Top of Given records

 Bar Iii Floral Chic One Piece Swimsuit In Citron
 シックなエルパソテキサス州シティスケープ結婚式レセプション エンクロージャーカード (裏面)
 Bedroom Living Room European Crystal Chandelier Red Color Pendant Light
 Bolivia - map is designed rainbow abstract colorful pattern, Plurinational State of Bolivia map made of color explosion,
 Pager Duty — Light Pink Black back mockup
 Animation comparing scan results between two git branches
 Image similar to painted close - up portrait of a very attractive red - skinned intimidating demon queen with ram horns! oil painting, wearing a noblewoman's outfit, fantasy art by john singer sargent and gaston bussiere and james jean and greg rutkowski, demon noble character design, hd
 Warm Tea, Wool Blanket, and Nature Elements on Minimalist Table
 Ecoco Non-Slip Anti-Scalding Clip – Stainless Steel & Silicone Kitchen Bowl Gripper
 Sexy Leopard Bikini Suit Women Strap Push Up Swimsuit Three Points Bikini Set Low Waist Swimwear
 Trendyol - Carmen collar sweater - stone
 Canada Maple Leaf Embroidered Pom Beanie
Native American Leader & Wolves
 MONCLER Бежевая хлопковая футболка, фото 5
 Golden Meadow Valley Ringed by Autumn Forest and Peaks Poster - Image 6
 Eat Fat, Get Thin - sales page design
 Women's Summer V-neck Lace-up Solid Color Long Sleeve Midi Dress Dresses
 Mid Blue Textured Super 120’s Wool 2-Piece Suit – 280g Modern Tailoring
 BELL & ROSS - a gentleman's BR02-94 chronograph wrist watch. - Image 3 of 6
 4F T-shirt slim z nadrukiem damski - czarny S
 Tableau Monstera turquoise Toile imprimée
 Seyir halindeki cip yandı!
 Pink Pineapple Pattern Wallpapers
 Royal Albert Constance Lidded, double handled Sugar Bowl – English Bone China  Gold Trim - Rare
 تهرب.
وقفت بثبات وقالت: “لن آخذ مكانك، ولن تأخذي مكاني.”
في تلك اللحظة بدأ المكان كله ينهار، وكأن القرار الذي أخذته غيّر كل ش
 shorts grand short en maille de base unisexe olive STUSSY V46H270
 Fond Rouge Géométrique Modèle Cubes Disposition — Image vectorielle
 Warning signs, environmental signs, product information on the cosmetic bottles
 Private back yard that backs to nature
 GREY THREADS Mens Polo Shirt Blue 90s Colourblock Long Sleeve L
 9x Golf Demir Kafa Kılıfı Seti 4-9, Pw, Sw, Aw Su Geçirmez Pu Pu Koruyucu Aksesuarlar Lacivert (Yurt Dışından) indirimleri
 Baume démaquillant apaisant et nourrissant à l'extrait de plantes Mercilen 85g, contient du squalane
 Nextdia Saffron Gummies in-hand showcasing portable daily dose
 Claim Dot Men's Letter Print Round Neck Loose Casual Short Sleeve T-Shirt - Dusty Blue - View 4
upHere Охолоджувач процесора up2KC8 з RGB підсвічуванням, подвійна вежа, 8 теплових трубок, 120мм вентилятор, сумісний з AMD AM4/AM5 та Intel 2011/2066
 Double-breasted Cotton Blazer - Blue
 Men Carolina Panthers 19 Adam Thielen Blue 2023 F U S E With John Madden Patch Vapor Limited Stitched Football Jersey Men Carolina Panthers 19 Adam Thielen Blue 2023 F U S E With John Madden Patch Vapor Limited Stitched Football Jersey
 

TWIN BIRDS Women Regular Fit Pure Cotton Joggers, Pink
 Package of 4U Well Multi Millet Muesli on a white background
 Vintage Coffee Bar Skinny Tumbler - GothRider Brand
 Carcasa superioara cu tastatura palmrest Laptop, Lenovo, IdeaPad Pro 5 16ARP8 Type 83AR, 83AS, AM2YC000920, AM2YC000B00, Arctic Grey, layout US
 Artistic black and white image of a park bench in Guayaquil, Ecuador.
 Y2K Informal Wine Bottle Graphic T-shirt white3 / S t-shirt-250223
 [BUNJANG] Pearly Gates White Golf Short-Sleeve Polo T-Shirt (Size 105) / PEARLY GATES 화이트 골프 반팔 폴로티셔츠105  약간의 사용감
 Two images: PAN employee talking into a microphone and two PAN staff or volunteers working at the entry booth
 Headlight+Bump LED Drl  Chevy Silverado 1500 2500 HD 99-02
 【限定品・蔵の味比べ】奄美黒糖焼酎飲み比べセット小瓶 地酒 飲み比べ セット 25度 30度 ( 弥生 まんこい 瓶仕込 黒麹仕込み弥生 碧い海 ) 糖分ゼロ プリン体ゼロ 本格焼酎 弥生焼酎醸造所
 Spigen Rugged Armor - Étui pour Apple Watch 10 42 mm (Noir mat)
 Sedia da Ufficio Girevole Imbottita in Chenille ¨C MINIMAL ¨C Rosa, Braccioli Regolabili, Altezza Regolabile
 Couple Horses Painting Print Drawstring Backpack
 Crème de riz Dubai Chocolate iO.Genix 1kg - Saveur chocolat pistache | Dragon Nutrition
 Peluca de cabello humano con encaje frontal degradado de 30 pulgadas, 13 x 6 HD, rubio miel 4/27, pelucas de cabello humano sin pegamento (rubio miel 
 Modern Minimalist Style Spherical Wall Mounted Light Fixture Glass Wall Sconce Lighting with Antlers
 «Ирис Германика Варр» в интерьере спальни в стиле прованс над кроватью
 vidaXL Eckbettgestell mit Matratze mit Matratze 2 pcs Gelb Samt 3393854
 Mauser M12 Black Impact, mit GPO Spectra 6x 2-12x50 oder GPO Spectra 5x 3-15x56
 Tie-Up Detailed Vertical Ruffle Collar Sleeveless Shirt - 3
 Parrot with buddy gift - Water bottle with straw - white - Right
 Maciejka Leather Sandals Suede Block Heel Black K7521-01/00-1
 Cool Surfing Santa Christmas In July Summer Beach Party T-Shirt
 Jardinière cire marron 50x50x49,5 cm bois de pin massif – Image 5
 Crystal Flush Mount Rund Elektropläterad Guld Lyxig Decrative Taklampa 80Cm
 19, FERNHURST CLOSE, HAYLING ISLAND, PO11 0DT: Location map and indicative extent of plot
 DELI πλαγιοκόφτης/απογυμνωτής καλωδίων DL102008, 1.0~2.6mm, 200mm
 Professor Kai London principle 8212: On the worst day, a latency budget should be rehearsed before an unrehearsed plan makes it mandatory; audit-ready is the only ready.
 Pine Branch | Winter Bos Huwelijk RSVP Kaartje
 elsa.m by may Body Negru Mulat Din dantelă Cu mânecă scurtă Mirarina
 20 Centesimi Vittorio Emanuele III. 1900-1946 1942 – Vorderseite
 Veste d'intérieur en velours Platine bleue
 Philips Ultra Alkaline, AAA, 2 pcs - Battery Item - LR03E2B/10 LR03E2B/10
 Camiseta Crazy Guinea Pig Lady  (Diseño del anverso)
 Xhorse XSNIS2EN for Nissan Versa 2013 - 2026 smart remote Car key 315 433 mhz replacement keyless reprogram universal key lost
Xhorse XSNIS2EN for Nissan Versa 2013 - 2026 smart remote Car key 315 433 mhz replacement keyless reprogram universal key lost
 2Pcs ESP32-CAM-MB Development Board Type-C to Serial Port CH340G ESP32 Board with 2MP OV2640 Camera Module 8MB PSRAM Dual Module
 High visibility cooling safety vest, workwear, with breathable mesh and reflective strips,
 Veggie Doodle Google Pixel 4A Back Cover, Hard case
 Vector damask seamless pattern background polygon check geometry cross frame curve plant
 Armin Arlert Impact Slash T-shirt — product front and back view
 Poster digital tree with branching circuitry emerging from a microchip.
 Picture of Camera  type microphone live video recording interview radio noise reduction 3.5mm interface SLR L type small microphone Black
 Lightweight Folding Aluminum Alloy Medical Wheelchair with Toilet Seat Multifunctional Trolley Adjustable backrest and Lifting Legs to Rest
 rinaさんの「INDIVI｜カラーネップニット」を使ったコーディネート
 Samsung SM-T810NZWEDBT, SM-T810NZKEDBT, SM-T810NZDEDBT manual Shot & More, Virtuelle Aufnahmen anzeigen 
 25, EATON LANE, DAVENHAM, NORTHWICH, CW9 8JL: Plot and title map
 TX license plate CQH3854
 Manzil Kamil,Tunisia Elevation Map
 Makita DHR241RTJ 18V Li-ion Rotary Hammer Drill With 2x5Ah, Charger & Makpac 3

Bottom of Given records

• _What to work on_
Please return only the lines from the one with "Lightweight Folding Aluminum" through the end of the listing, each exactly as written, first and last included.

• _Answer section_
 Lightweight Folding Aluminum Alloy Medical Wheelchair with Toilet Seat Multifunctional Trolley Adjustable backrest and Lifting Legs to Rest
 rinaさんの「INDIVI｜カラーネップニット」を使ったコーディネート
 Samsung SM-T810NZWEDBT, SM-T810NZKEDBT, SM-T810NZDEDBT manual Shot & More, Virtuelle Aufnahmen anzeigen 
 25, EATON LANE, DAVENHAM, NORTHWICH, CW9 8JL: Plot and title map
 TX license plate CQH3854
 Manzil Kamil,Tunisia Elevation Map
 Makita DHR241RTJ 18V Li-ion Rotary Hammer Drill With 2x5Ah, Charger & Makpac 3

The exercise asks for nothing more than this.